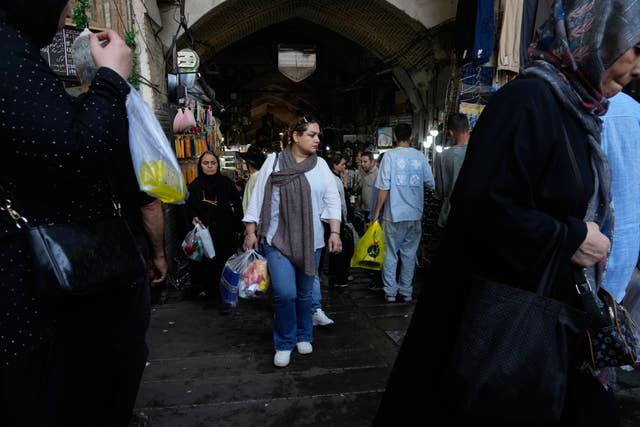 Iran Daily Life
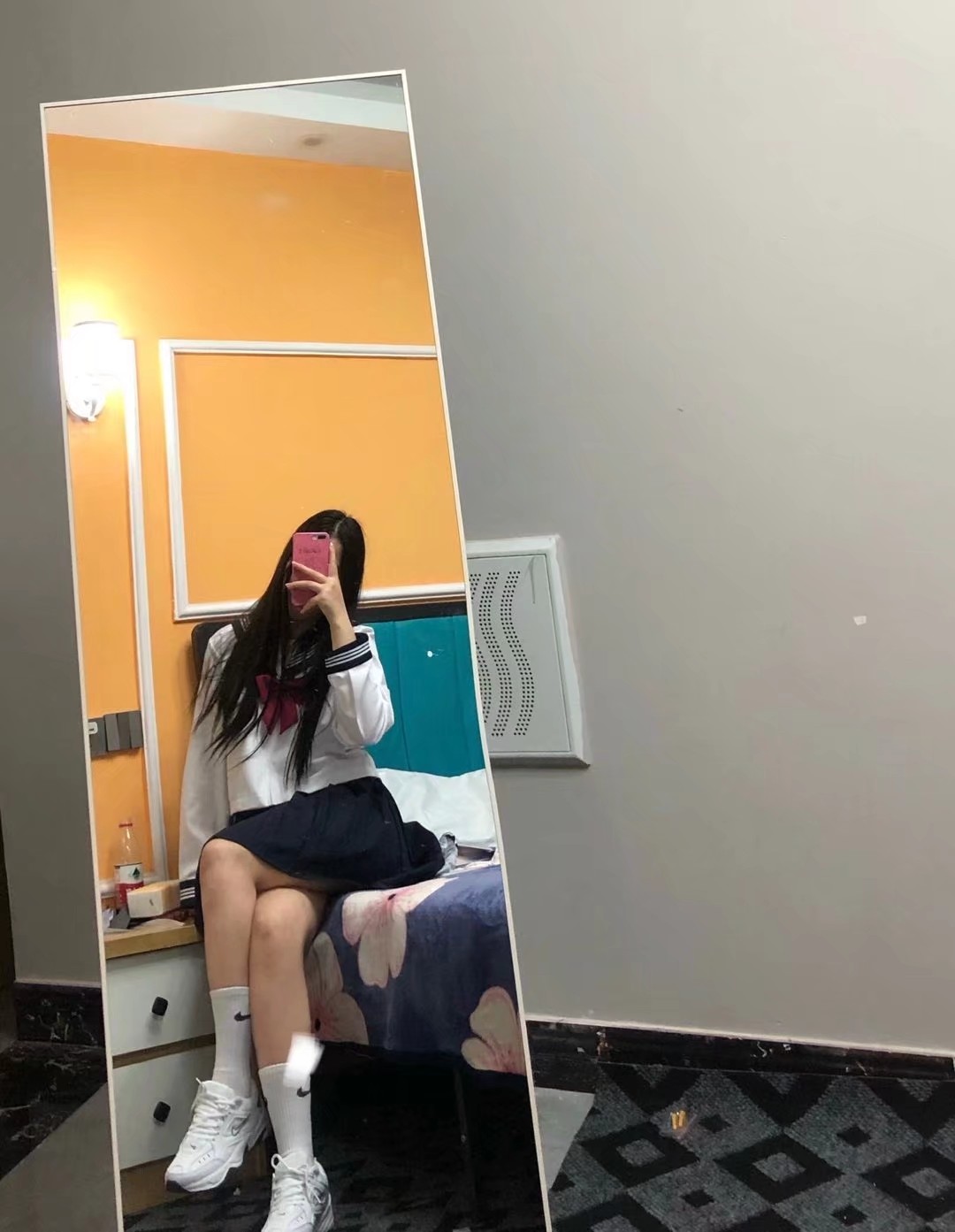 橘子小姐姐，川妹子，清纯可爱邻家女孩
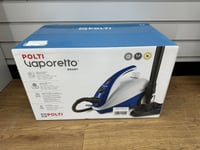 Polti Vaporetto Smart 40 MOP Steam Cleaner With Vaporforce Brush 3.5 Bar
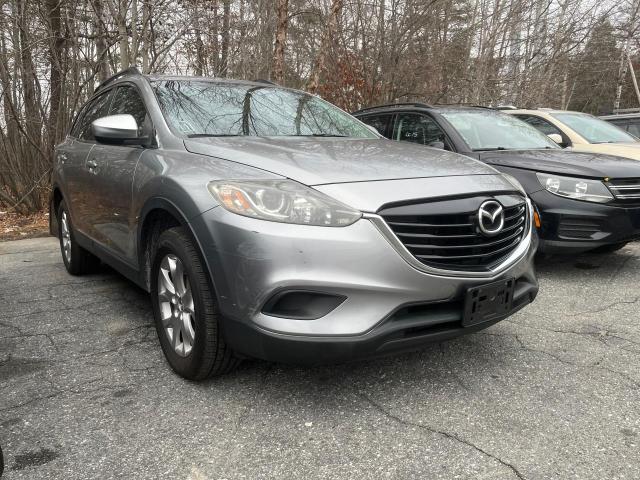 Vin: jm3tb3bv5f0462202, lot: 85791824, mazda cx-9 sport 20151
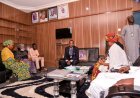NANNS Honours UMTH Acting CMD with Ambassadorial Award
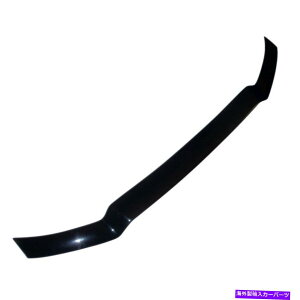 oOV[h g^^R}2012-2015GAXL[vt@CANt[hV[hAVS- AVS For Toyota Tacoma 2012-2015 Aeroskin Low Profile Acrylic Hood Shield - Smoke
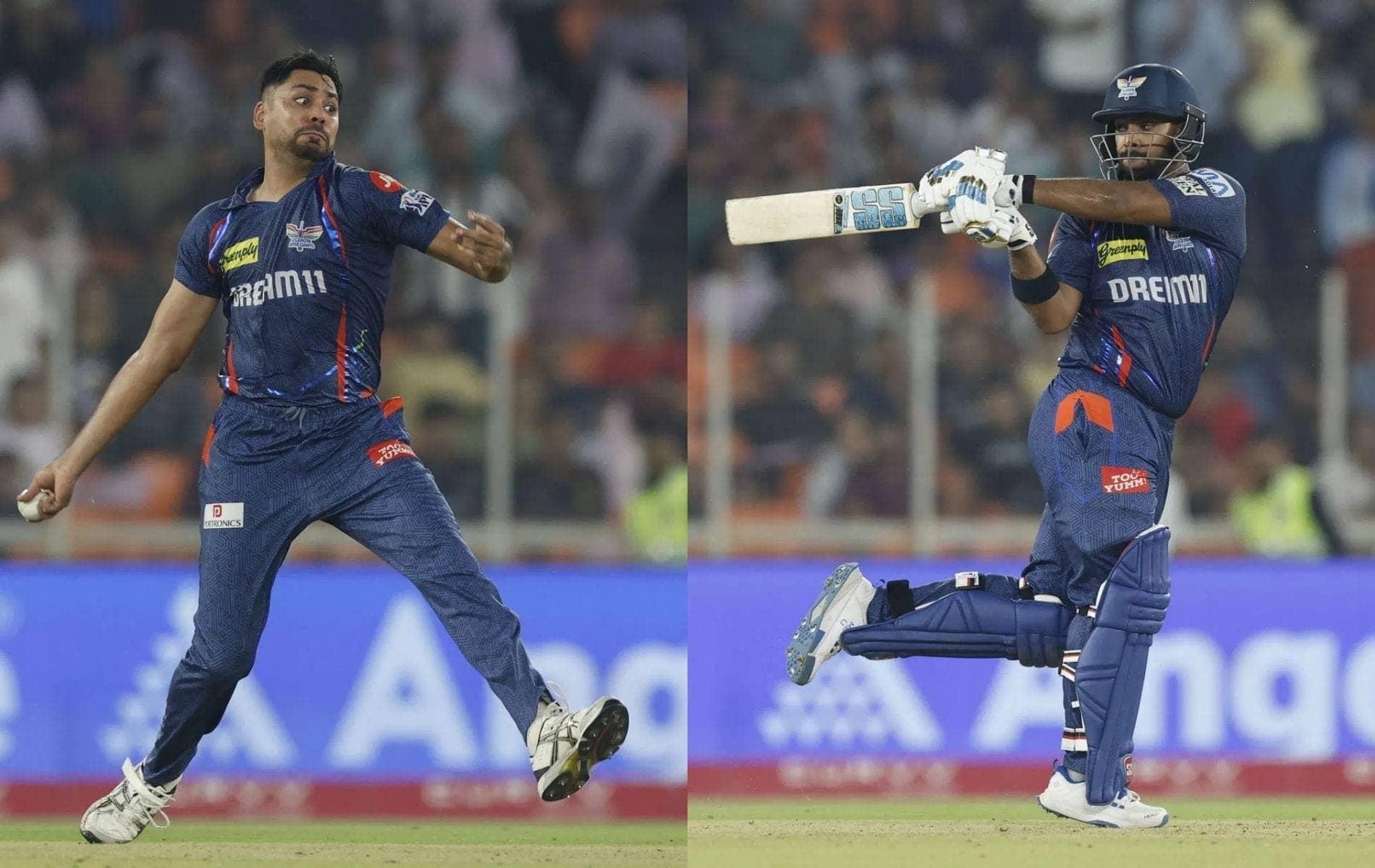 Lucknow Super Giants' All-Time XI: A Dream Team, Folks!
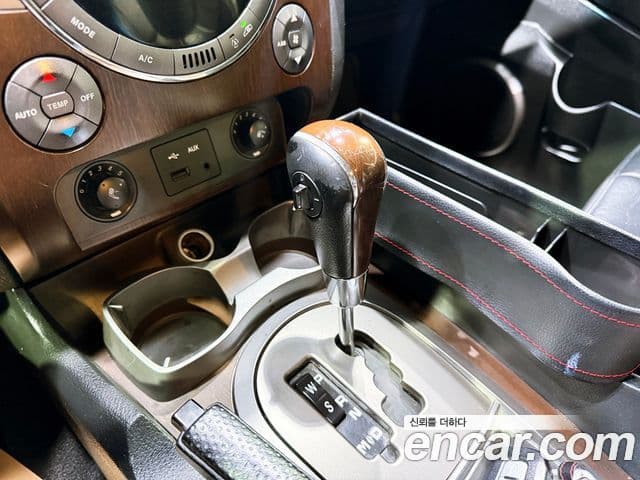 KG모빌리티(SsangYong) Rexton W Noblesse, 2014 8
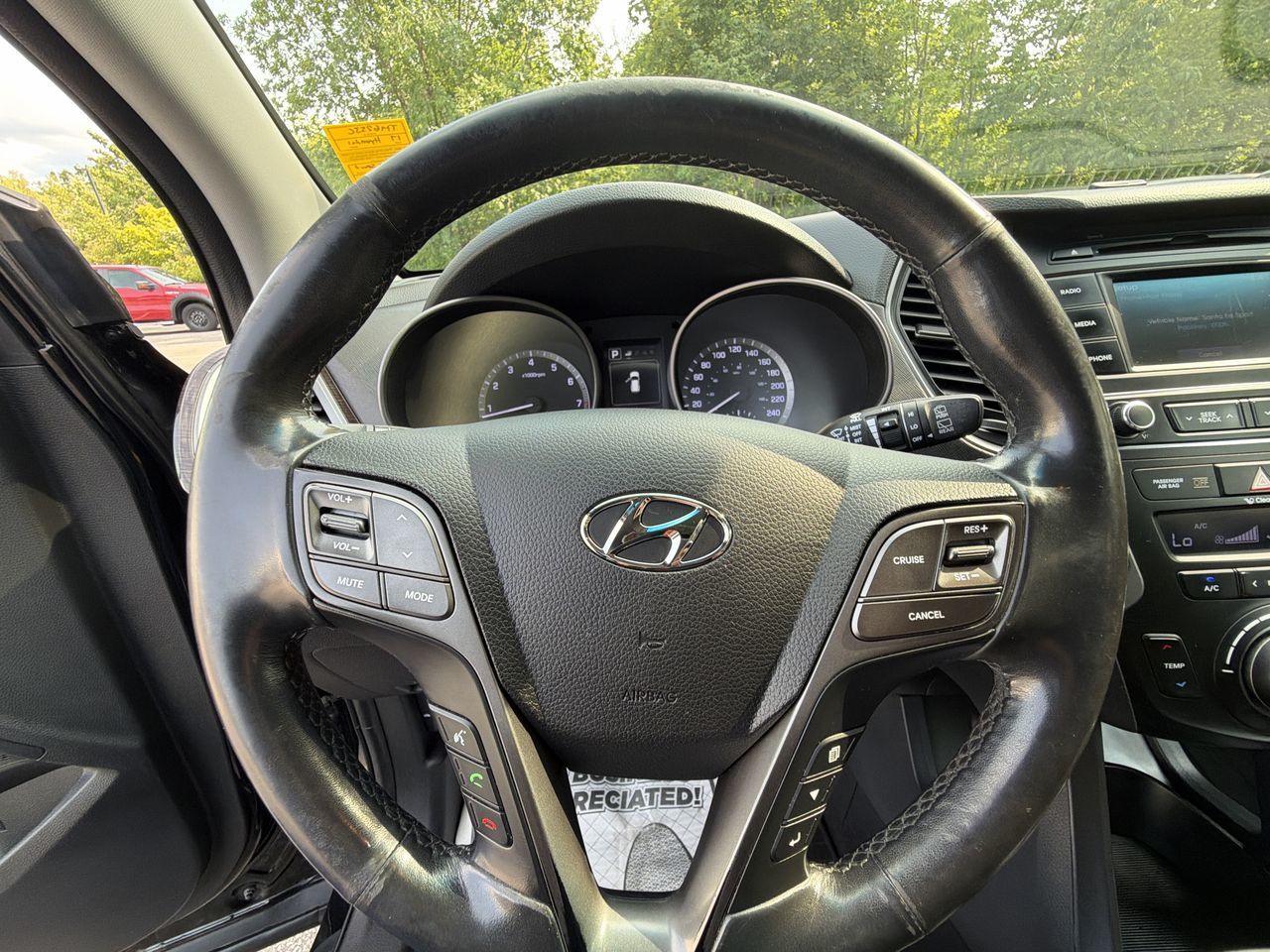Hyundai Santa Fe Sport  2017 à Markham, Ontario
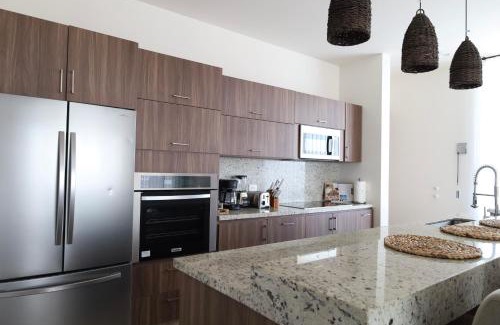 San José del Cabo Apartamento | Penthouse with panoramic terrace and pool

# # # #

WORK TASK: In this exercise, set down all of the data exactly, without the pictures.

EXERCISE ANSWER:
 Iran Daily Life
 橘子小姐姐，川妹子，清纯可爱邻家女孩
 Polti Vaporetto Smart 40 MOP Steam Cleaner With Vaporforce Brush 3.5 Bar
 Vin: jm3tb3bv5f0462202, lot: 85791824, mazda cx-9 sport 20151
NANNS Honours UMTH Acting CMD with Ambassadorial Award
 oOV[h g^^R}2012-2015GAXL[vt@CANt[hV[hAVS- AVS For Toyota Tacoma 2012-2015 Aeroskin Low Profile Acrylic Hood Shield - Smoke
 Lucknow Super Giants' All-Time XI: A Dream Team, Folks!
 KG모빌리티(SsangYong) Rexton W Noblesse, 2014 8
Hyundai Santa Fe Sport  2017 à Markham, Ontario
 San José del Cabo Apartamento | Penthouse with panoramic terrace and pool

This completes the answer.